Learning to Use a Debugger

First, download the resource files from this assignment's resource site, or by clicking here.

Create a new text document debug_inlab_result.txt (use your programming text editor for this). As you work through this in-lab, you will answer questions and paste debugger output into this document. During checkpoints, and at the end, this is the file you will demonstrate or submit.

Open debug_inlab_1.cpp in your editor and get ready to compile it on the virtual server (or in your local environment if you prefer).
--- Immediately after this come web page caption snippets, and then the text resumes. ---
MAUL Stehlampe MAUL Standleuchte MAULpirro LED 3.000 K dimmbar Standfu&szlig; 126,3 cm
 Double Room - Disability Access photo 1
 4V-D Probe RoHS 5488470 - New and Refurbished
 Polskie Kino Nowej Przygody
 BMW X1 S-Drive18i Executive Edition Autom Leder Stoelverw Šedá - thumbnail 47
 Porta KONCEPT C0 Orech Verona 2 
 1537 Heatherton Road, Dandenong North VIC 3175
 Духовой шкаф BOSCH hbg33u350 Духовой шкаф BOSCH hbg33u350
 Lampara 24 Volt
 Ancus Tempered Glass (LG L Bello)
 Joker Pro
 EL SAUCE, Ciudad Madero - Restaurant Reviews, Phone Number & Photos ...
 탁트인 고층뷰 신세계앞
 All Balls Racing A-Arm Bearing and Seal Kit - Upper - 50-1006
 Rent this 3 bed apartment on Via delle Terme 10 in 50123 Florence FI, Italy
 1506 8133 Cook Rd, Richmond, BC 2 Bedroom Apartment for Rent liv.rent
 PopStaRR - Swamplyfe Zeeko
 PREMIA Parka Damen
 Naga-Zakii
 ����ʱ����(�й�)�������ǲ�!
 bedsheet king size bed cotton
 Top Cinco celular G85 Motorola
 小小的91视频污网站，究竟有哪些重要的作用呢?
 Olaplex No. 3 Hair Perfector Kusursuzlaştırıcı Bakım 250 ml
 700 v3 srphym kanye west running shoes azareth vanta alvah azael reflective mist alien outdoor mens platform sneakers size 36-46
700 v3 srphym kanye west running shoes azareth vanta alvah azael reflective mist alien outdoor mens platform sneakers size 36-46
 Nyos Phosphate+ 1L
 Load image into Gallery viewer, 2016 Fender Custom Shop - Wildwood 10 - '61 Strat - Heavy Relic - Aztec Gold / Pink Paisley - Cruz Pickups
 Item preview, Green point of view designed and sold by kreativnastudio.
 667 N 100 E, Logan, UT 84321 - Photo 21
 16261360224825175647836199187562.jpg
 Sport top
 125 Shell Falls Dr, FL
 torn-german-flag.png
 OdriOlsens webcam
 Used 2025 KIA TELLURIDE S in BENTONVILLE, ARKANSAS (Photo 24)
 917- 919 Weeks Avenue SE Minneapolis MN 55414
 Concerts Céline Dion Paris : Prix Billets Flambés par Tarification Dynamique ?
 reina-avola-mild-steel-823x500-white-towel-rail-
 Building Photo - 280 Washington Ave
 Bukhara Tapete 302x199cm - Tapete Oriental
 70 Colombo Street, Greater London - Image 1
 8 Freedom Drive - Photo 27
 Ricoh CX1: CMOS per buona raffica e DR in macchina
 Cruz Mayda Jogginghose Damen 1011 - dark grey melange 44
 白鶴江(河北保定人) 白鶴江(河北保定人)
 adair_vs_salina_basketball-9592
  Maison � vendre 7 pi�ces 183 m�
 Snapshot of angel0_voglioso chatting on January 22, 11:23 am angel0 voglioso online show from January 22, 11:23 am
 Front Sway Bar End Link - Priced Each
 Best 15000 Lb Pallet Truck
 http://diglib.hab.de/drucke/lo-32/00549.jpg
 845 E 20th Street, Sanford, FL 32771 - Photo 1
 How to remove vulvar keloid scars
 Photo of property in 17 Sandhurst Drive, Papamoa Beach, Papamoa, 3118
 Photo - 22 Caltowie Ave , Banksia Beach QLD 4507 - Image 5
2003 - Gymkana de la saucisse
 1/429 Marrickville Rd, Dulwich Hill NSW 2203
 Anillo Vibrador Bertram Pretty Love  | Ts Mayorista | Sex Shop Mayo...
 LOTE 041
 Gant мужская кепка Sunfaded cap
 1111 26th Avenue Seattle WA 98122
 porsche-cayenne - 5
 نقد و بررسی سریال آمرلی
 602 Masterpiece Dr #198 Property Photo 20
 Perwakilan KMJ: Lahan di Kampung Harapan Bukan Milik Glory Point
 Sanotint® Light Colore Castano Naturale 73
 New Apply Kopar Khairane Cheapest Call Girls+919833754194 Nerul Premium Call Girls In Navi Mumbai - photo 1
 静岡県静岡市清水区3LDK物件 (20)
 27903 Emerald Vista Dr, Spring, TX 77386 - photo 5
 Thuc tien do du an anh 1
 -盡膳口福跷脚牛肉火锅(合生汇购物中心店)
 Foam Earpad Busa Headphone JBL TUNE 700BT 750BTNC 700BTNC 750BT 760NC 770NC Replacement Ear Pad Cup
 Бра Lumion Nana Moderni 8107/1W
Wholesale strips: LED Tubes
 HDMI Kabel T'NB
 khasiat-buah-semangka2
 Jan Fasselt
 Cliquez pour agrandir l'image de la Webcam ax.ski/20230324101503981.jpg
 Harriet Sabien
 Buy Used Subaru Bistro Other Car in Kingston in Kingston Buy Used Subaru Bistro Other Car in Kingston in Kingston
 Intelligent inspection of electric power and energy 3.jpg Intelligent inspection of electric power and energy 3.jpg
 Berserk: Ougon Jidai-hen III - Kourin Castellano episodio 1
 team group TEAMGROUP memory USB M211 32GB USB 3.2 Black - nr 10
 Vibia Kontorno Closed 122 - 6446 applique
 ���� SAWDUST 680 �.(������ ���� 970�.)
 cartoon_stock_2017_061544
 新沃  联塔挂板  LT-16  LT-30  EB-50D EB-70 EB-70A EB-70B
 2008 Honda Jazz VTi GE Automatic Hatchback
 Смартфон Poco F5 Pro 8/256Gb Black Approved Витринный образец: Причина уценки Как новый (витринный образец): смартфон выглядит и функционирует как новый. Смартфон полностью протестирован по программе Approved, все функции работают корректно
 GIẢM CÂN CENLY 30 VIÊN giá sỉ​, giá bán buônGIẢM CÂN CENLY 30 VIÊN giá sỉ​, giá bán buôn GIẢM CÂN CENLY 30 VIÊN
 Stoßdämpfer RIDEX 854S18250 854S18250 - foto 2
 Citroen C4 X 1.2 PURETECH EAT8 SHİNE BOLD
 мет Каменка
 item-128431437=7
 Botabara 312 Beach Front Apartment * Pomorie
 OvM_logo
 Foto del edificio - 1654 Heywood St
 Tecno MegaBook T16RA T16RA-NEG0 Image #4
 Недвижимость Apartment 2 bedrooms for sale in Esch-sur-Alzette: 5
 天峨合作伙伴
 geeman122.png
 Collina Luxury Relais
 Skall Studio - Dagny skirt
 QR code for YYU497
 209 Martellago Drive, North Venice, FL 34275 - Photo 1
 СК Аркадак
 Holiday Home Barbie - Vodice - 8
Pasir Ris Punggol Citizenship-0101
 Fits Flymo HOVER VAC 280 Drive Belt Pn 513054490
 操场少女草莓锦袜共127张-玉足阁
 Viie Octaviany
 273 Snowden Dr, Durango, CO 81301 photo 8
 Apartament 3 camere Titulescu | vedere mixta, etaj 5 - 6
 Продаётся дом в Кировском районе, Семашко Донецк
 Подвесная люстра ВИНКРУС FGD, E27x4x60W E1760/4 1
When you compile the program, add the -g -fno-inline flags to your usual compilation command. This will give you something similar to:

g++ -Wall -Wextra -pedantic -std=c++17 -g -fno-inline *.cpp

Compile debug_inlab_1.cpp. It should compile with no warnings or errors.

Note: The Foo.h library that is required by the program also requires the Foo.cpp implementation file to be compiled and linked with the program; the command shown above will accomplish this.


The Program

The idea of the program debug_inlab_1.cpp is that it will create an array of 15 Foo objects, and then perform several common operations on the array (sorting, searching, reversal). The whole process is then repeated with an array of 20 objects.

The main() function uses two "artificial" blocks to facilitate simply repeating the body of the code, but with two different array sizes (this allows all the names to be easily re-used). You would never want to do this in any production-quality software, but it can be a useful technique for writing tests.

Try running the program. Does it work?


Labcheckpoint.png FOR IN-LAB CREDIT: Answer questions posed during this exercise in full sentences in your "result" text file. Copy and paste code or output into the file as instructed, always working from top to bottom.


Copy and paste the output produced by your attempt at running the program into the text file following your answer to the question above. Here is the output produced by the author's machine:

Original values: 
[Foo #1 tag: "aa"], [Foo #2 tag: "hf"], [Foo #3 tag: "ok"], [Foo #4 tag: "vp"], 
[Foo #5 tag: "cu"], [Foo #6 tag: "jz"], [Foo #7 tag: "qe"], [Foo #8 tag: "xj"], 
[Foo #9 tag: "eo"], [Foo #10 tag: "lt"], [Foo #11 tag: "sy"], [Foo #12 tag: "zd"], 
[Foo #13 tag: "gi"], [Foo #14 tag: "nn"], [Foo #15 tag: "us"]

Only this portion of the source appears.